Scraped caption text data
+++
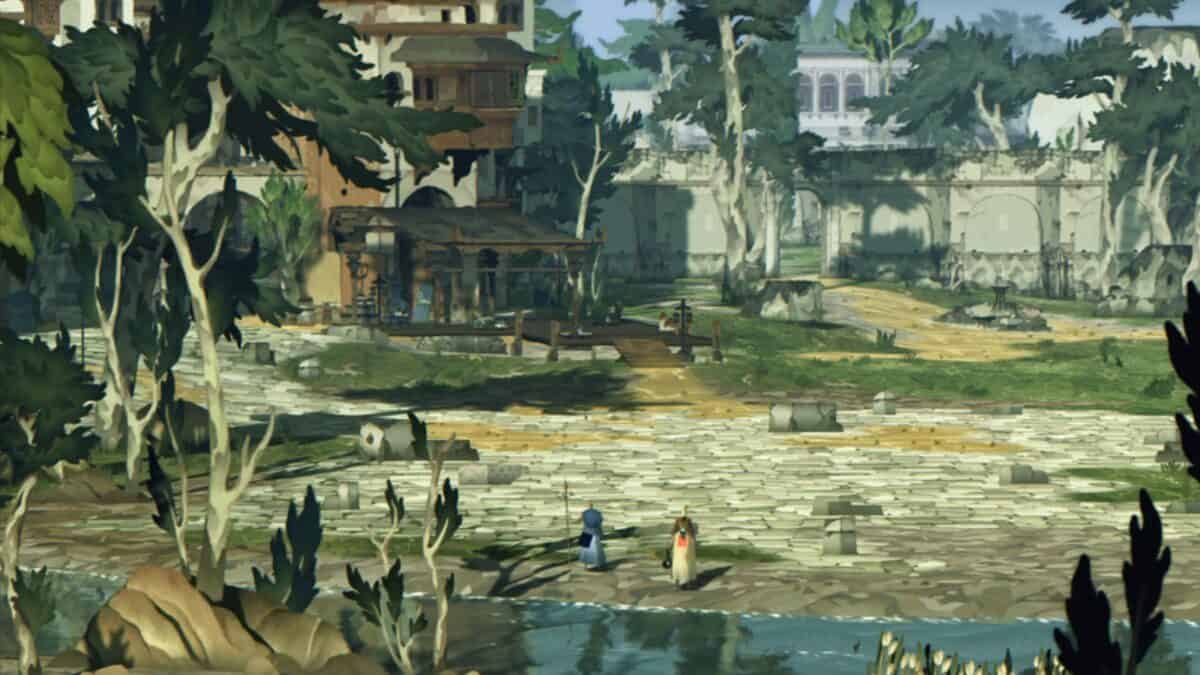 Two people stand by a riverbank in front of a stone-paved area, with buildings, trees, and ruins visible in the background under daylight.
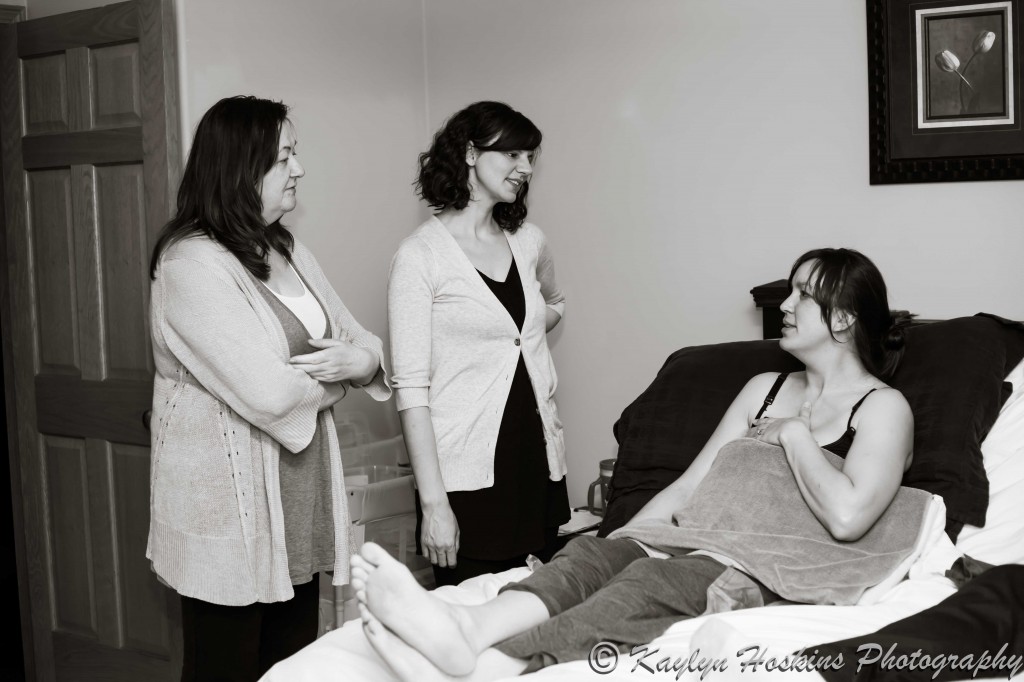 midwives talk to new home birth Mother before they leave for the night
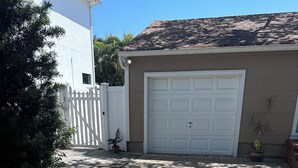 A residential driveway leading to a garage with a white door, surrounded by a white picket fence, potted plants, and a brick pathway.
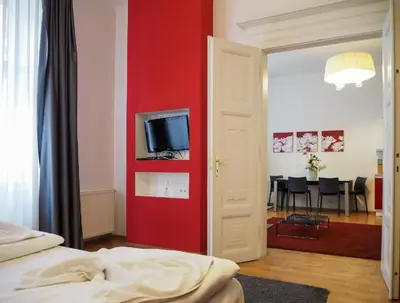 a bedroom with a red wall with a tv on it at Havelska Old Town Residence in Prague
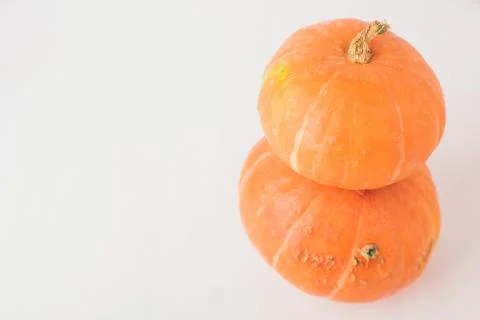 Two stacked mini pumpkins on white background. Stock Photos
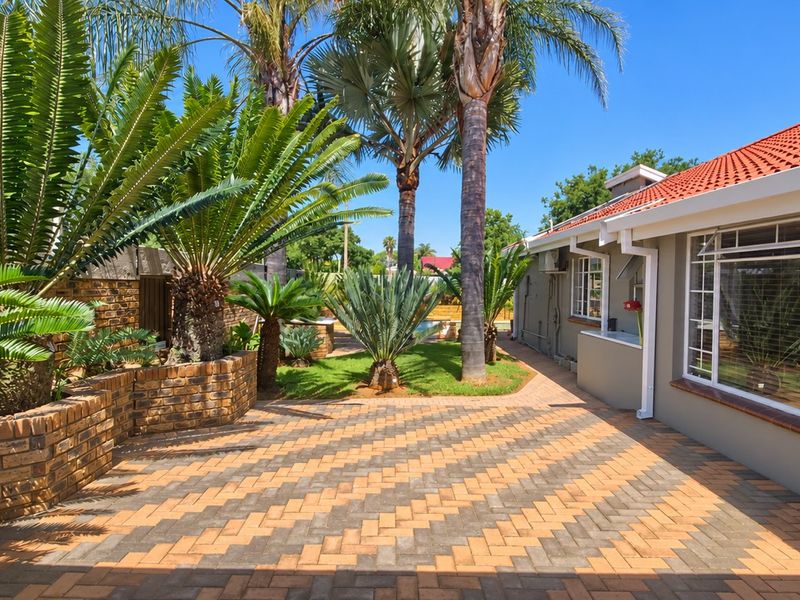 A well-maintained rear exterior featuring a patterned paved patio, brick retaining walls, and established garden landscaping alongside the house.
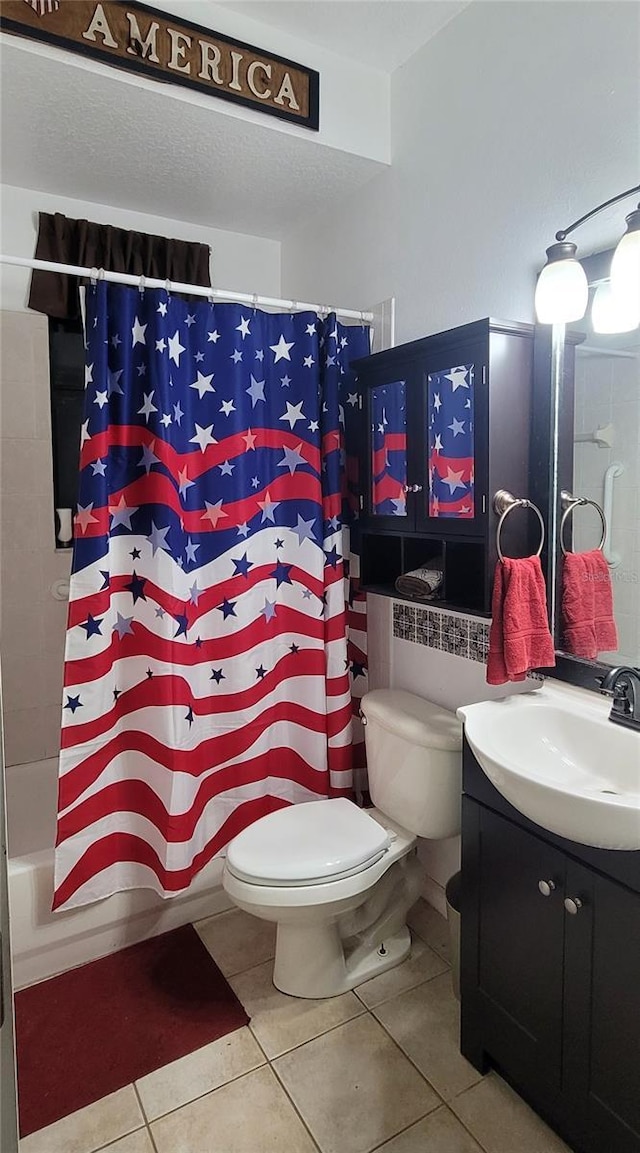 full bath featuring shower / bath combo with shower curtain, toilet, vanity, and tile patterned flooring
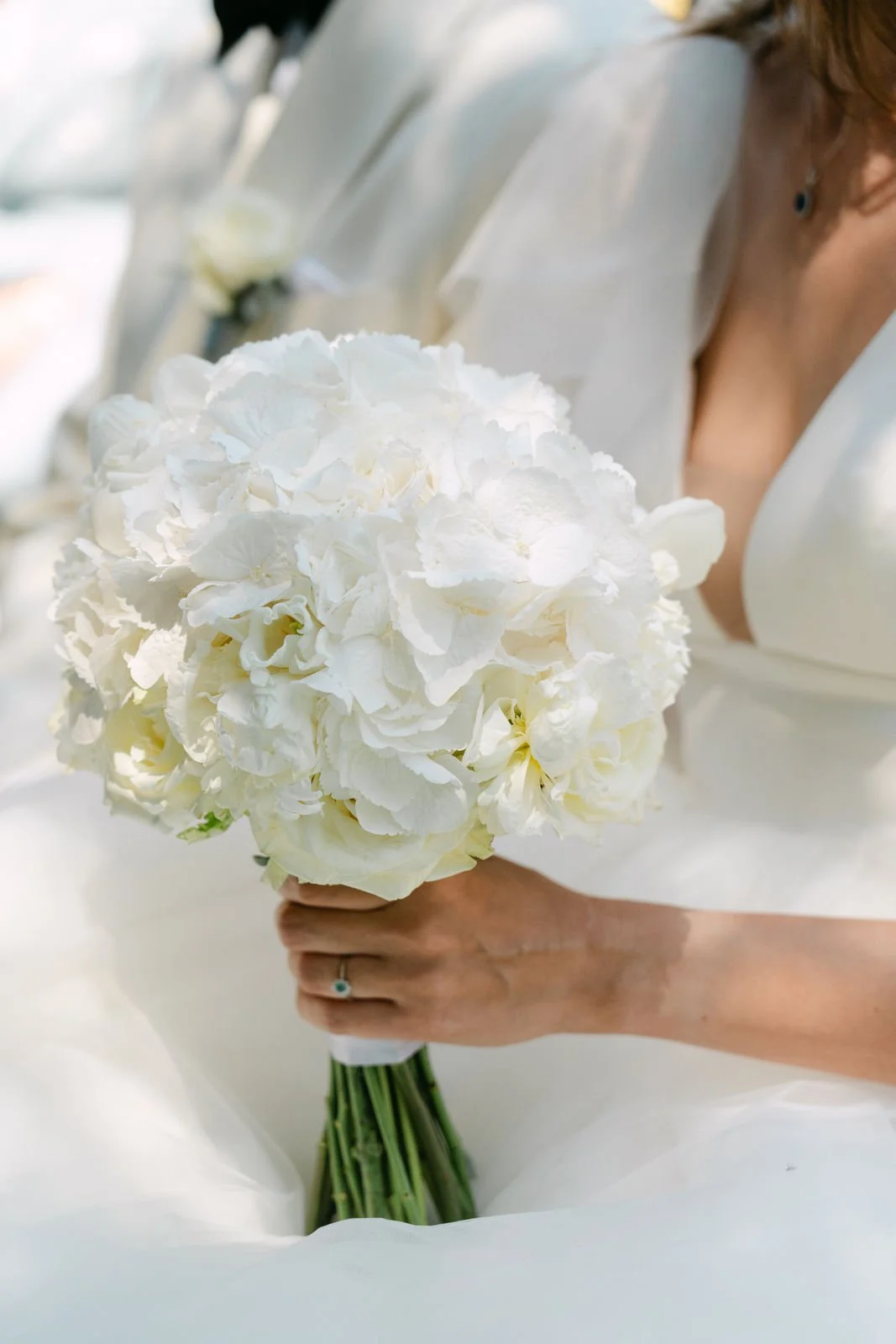 Eine Hochzeitsbraut hält einen weißen Blumenstrauß aus Hydrangea und Orchideen, umgeben von ihrem Hochzeitskleid.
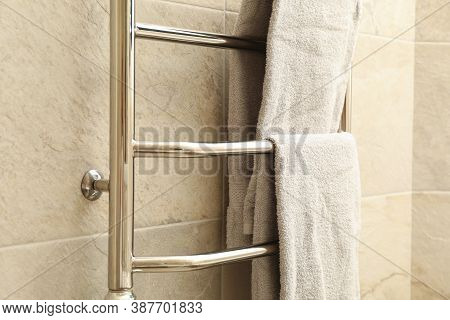 Modern Heated Towel Rail On Tiled Bathroom Wall
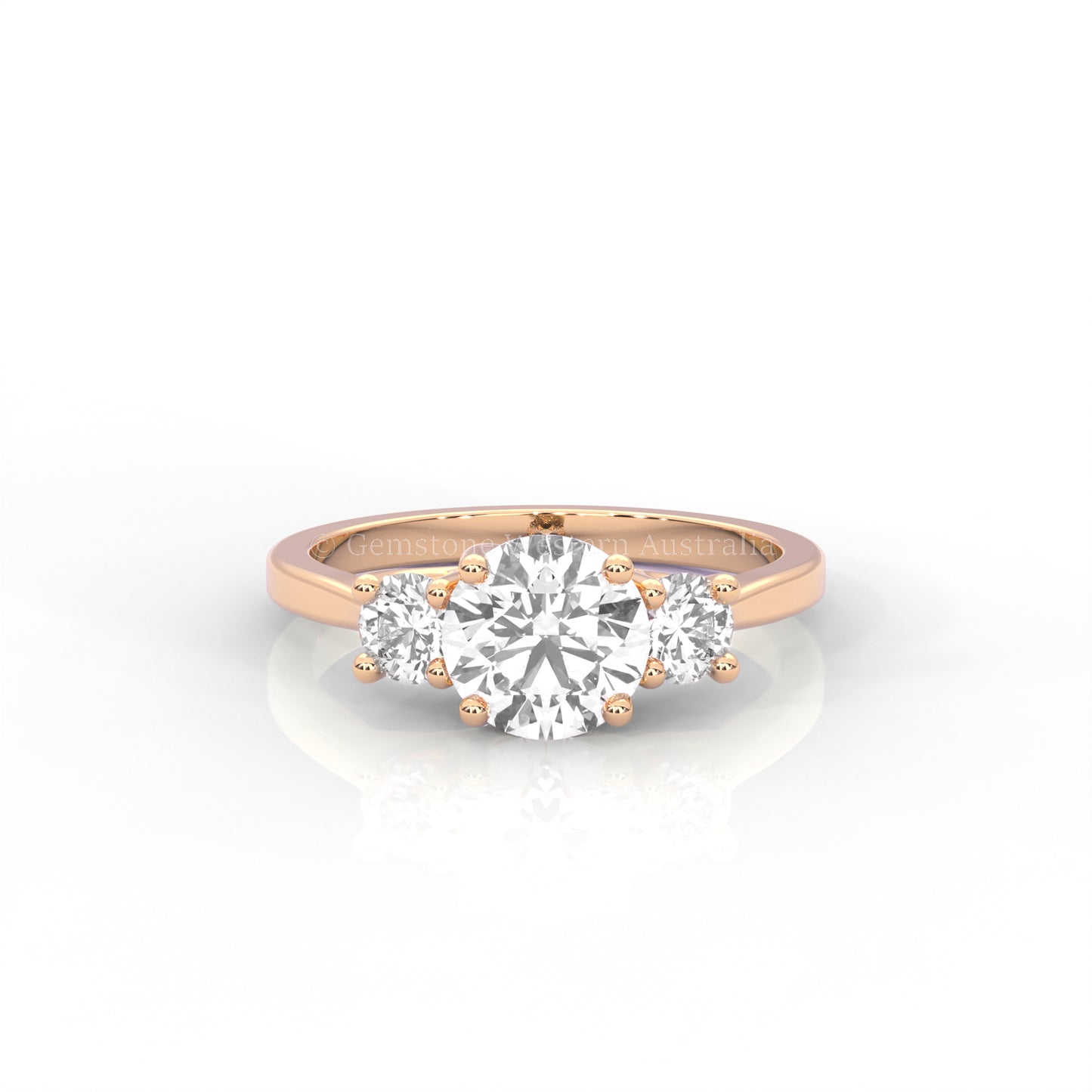 rose gold three stone ring with round side diamonds and round centre stone on white background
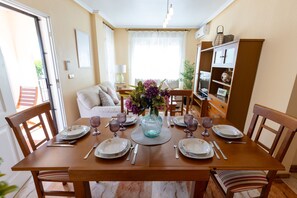 Une table à manger dressée pour six personnes, avec des assiettes, des couverts et un vase de fleurs.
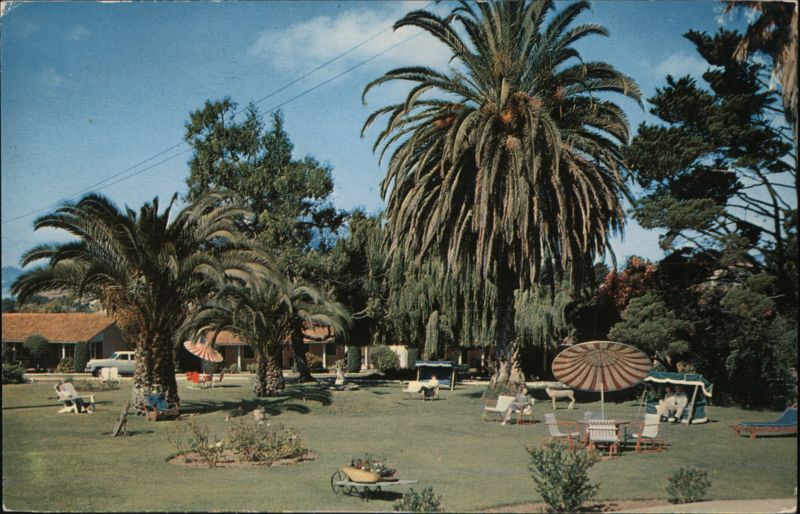 Ranchotel Motel, Lush Grounds with Palm Trees and Guests Relaxing San Luis Obispo California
+++
Problem description: Leave out the pictures and return, exactly as written, only the lines from the line with "midwives talk to" through the end of the records above.

Completed task:
 midwives talk to new home birth Mother before they leave for the night
 A residential driveway leading to a garage with a white door, surrounded by a white picket fence, potted plants, and a brick pathway.
 a bedroom with a red wall with a tv on it at Havelska Old Town Residence in Prague
 Two stacked mini pumpkins on white background. Stock Photos
 A well-maintained rear exterior featuring a patterned paved patio, brick retaining walls, and established garden landscaping alongside the house.
 full bath featuring shower / bath combo with shower curtain, toilet, vanity, and tile patterned flooring
 Eine Hochzeitsbraut hält einen weißen Blumenstrauß aus Hydrangea und Orchideen, umgeben von ihrem Hochzeitskleid.
 Modern Heated Towel Rail On Tiled Bathroom Wall
 rose gold three stone ring with round side diamonds and round centre stone on white background
 Une table à manger dressée pour six personnes, avec des assiettes, des couverts et un vase de fleurs.
 Ranchotel Motel, Lush Grounds with Palm Trees and Guests Relaxing San Luis Obispo California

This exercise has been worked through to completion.